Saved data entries

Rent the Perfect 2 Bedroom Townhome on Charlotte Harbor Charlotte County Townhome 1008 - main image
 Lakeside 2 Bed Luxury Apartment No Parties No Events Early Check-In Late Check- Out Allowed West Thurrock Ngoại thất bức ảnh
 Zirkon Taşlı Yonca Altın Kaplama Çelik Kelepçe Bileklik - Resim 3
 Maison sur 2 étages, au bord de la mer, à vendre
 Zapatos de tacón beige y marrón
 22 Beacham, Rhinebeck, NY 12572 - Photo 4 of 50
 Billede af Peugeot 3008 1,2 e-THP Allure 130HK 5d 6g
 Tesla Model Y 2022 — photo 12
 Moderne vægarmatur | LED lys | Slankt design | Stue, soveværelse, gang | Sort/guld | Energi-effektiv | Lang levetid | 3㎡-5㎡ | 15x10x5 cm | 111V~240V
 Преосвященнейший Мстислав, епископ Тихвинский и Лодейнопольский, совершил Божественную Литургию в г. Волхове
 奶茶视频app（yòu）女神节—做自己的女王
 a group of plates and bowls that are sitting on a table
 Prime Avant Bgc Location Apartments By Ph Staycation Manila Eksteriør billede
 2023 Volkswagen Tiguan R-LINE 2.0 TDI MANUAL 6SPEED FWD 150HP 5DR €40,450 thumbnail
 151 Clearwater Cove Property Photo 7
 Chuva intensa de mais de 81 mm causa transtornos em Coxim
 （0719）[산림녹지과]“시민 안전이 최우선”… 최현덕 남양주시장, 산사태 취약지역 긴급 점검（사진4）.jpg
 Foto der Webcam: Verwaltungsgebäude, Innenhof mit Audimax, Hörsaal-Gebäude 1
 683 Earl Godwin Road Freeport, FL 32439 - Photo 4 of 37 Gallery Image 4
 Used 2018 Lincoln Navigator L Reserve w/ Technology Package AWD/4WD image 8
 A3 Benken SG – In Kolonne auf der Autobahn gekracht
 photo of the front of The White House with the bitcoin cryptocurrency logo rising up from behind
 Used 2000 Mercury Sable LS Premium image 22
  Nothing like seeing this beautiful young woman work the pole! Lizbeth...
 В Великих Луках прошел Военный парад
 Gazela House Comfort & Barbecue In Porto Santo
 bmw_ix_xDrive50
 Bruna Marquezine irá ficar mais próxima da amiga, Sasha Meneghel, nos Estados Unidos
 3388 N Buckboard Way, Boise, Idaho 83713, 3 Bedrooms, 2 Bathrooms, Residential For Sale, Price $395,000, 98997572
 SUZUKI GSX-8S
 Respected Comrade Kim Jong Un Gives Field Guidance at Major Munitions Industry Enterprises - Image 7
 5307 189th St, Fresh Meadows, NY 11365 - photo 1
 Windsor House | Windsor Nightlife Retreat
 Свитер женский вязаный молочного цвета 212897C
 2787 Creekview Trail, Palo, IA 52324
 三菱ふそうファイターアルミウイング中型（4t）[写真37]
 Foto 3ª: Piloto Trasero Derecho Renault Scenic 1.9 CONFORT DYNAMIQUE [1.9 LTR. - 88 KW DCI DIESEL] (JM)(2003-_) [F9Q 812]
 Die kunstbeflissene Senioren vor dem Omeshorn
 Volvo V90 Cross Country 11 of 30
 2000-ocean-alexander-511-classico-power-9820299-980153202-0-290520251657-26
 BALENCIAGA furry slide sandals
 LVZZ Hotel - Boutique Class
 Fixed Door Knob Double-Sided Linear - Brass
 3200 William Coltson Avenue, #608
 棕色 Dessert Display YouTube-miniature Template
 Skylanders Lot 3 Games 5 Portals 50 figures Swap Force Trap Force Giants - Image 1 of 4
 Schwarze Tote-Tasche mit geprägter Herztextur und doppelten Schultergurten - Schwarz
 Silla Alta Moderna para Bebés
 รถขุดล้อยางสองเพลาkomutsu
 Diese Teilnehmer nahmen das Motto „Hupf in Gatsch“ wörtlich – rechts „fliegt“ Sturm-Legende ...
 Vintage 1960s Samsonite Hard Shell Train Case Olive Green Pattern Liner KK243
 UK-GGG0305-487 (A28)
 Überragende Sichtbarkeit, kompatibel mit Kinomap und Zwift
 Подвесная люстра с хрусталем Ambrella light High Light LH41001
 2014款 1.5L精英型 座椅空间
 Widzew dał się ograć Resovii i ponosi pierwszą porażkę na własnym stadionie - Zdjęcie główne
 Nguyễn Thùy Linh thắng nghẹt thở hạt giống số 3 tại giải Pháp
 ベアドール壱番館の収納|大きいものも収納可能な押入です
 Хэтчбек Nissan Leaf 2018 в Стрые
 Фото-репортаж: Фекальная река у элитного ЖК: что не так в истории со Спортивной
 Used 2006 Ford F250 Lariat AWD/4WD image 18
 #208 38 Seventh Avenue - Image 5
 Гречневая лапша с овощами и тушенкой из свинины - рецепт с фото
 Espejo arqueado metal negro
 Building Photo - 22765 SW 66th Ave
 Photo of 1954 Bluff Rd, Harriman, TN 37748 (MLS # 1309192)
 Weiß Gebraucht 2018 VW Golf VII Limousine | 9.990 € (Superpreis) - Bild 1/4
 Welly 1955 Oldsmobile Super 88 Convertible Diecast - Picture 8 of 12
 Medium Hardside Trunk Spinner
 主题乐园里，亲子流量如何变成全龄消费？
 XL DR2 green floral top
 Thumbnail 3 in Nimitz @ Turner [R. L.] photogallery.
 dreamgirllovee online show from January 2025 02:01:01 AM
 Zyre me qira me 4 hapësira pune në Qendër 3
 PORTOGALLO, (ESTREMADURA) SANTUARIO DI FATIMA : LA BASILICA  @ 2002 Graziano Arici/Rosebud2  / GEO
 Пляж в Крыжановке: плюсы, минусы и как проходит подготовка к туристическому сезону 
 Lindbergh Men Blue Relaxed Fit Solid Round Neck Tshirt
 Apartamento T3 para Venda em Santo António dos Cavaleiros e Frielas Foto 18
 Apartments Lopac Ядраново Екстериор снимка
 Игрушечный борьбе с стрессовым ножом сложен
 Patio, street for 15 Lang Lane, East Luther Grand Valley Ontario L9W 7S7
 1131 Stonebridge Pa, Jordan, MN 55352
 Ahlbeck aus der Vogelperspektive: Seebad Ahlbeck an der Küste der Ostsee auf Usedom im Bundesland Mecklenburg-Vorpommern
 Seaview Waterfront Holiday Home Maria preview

§ Problem requirements
The answer must be an exact copy of every record above.

§ Task result
Rent the Perfect 2 Bedroom Townhome on Charlotte Harbor Charlotte County Townhome 1008 - main image
 Lakeside 2 Bed Luxury Apartment No Parties No Events Early Check-In Late Check- Out Allowed West Thurrock Ngoại thất bức ảnh
 Zirkon Taşlı Yonca Altın Kaplama Çelik Kelepçe Bileklik - Resim 3
 Maison sur 2 étages, au bord de la mer, à vendre
 Zapatos de tacón beige y marrón
 22 Beacham, Rhinebeck, NY 12572 - Photo 4 of 50
 Billede af Peugeot 3008 1,2 e-THP Allure 130HK 5d 6g
 Tesla Model Y 2022 — photo 12
 Moderne vægarmatur | LED lys | Slankt design | Stue, soveværelse, gang | Sort/guld | Energi-effektiv | Lang levetid | 3㎡-5㎡ | 15x10x5 cm | 111V~240V
 Преосвященнейший Мстислав, епископ Тихвинский и Лодейнопольский, совершил Божественную Литургию в г. Волхове
 奶茶视频app（yòu）女神节—做自己的女王
 a group of plates and bowls that are sitting on a table
 Prime Avant Bgc Location Apartments By Ph Staycation Manila Eksteriør billede
 2023 Volkswagen Tiguan R-LINE 2.0 TDI MANUAL 6SPEED FWD 150HP 5DR €40,450 thumbnail
 151 Clearwater Cove Property Photo 7
 Chuva intensa de mais de 81 mm causa transtornos em Coxim
 （0719）[산림녹지과]“시민 안전이 최우선”… 최현덕 남양주시장, 산사태 취약지역 긴급 점검（사진4）.jpg
 Foto der Webcam: Verwaltungsgebäude, Innenhof mit Audimax, Hörsaal-Gebäude 1
 683 Earl Godwin Road Freeport, FL 32439 - Photo 4 of 37 Gallery Image 4
 Used 2018 Lincoln Navigator L Reserve w/ Technology Package AWD/4WD image 8
 A3 Benken SG – In Kolonne auf der Autobahn gekracht
 photo of the front of The White House with the bitcoin cryptocurrency logo rising up from behind
 Used 2000 Mercury Sable LS Premium image 22
  Nothing like seeing this beautiful young woman work the pole! Lizbeth...
 В Великих Луках прошел Военный парад
 Gazela House Comfort & Barbecue In Porto Santo
 bmw_ix_xDrive50
 Bruna Marquezine irá ficar mais próxima da amiga, Sasha Meneghel, nos Estados Unidos
 3388 N Buckboard Way, Boise, Idaho 83713, 3 Bedrooms, 2 Bathrooms, Residential For Sale, Price $395,000, 98997572
 SUZUKI GSX-8S
 Respected Comrade Kim Jong Un Gives Field Guidance at Major Munitions Industry Enterprises - Image 7
 5307 189th St, Fresh Meadows, NY 11365 - photo 1
 Windsor House | Windsor Nightlife Retreat
 Свитер женский вязаный молочного цвета 212897C
 2787 Creekview Trail, Palo, IA 52324
 三菱ふそうファイターアルミウイング中型（4t）[写真37]
 Foto 3ª: Piloto Trasero Derecho Renault Scenic 1.9 CONFORT DYNAMIQUE [1.9 LTR. - 88 KW DCI DIESEL] (JM)(2003-_) [F9Q 812]
 Die kunstbeflissene Senioren vor dem Omeshorn
 Volvo V90 Cross Country 11 of 30
 2000-ocean-alexander-511-classico-power-9820299-980153202-0-290520251657-26
 BALENCIAGA furry slide sandals
 LVZZ Hotel - Boutique Class
 Fixed Door Knob Double-Sided Linear - Brass
 3200 William Coltson Avenue, #608
 棕色 Dessert Display YouTube-miniature Template
 Skylanders Lot 3 Games 5 Portals 50 figures Swap Force Trap Force Giants - Image 1 of 4
 Schwarze Tote-Tasche mit geprägter Herztextur und doppelten Schultergurten - Schwarz
 Silla Alta Moderna para Bebés
 รถขุดล้อยางสองเพลาkomutsu
 Diese Teilnehmer nahmen das Motto „Hupf in Gatsch“ wörtlich – rechts „fliegt“ Sturm-Legende ...
 Vintage 1960s Samsonite Hard Shell Train Case Olive Green Pattern Liner KK243
 UK-GGG0305-487 (A28)
 Überragende Sichtbarkeit, kompatibel mit Kinomap und Zwift
 Подвесная люстра с хрусталем Ambrella light High Light LH41001
 2014款 1.5L精英型 座椅空间
 Widzew dał się ograć Resovii i ponosi pierwszą porażkę na własnym stadionie - Zdjęcie główne
 Nguyễn Thùy Linh thắng nghẹt thở hạt giống số 3 tại giải Pháp
 ベアドール壱番館の収納|大きいものも収納可能な押入です
 Хэтчбек Nissan Leaf 2018 в Стрые
 Фото-репортаж: Фекальная река у элитного ЖК: что не так в истории со Спортивной
 Used 2006 Ford F250 Lariat AWD/4WD image 18
 #208 38 Seventh Avenue - Image 5
 Гречневая лапша с овощами и тушенкой из свинины - рецепт с фото
 Espejo arqueado metal negro
 Building Photo - 22765 SW 66th Ave
 Photo of 1954 Bluff Rd, Harriman, TN 37748 (MLS # 1309192)
 Weiß Gebraucht 2018 VW Golf VII Limousine | 9.990 € (Superpreis) - Bild 1/4
 Welly 1955 Oldsmobile Super 88 Convertible Diecast - Picture 8 of 12
 Medium Hardside Trunk Spinner
 主题乐园里，亲子流量如何变成全龄消费？
 XL DR2 green floral top
 Thumbnail 3 in Nimitz @ Turner [R. L.] photogallery.
 dreamgirllovee online show from January 2025 02:01:01 AM
 Zyre me qira me 4 hapësira pune në Qendër 3
 PORTOGALLO, (ESTREMADURA) SANTUARIO DI FATIMA : LA BASILICA  @ 2002 Graziano Arici/Rosebud2  / GEO
 Пляж в Крыжановке: плюсы, минусы и как проходит подготовка к туристическому сезону 
 Lindbergh Men Blue Relaxed Fit Solid Round Neck Tshirt
 Apartamento T3 para Venda em Santo António dos Cavaleiros e Frielas Foto 18
 Apartments Lopac Ядраново Екстериор снимка
 Игрушечный борьбе с стрессовым ножом сложен
 Patio, street for 15 Lang Lane, East Luther Grand Valley Ontario L9W 7S7
 1131 Stonebridge Pa, Jordan, MN 55352
 Ahlbeck aus der Vogelperspektive: Seebad Ahlbeck an der Küste der Ostsee auf Usedom im Bundesland Mecklenburg-Vorpommern
 Seaview Waterfront Holiday Home Maria preview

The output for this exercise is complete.